Entre as várias estratégias utilizadas pelos combatentes pró-palestinianos estiveram conversas ensaiadas. O Hamas sabia que as chamadas eram intercetadas pelas secretas de Israel, tendo dado ordem aos seus combatentes para falarem sempre num tom que afastava qualquer intenção beligerante.
Prova de que essa campanha do Hamas estava a ter resultado é uma entrevista dada pelo conselheiro de Segurança Nacional seis dias antes do ataque. Tzachi Hanegbi disse que "o Hamas está muito, muito contido e percebe as implicações de novas provocações".

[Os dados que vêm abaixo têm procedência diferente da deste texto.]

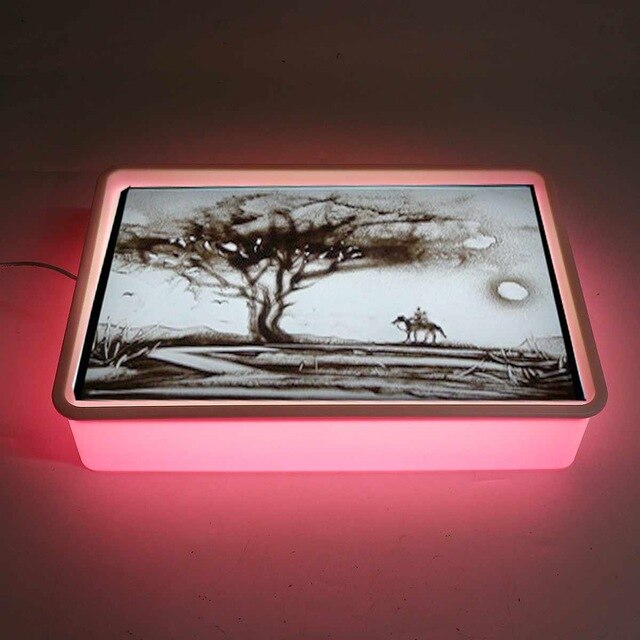 Educational Toys Sand Table Training Special Parent-Child Kindergarten Lighting Sand Painting Children's Toys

O The New York Times refere que uma reunião ocorrida na semana passada sobre as ameaças mais prementes a Israel colocou os militantes libaneses, em particular o Hezbollah, como a grande preocupação.
Com efeito, grande parte dos últimos conflitos entre as forças israelitas e as fações palestinianas não tinham o Hamas envolvido, pelo menos oficialmente. Num deles deixou que fosse o movimento da Jihad Islâmica da Palestina a atuar sozinho e, num momento posterior, até atuou com o Catar para acordar um amenizar das tensões junto à Faixa de Gaza.
Foi a calma antes da tempestade, numa estratégia que claramente serviu o seu propósito: “relaxar Israel”, como nota Carlos Branco.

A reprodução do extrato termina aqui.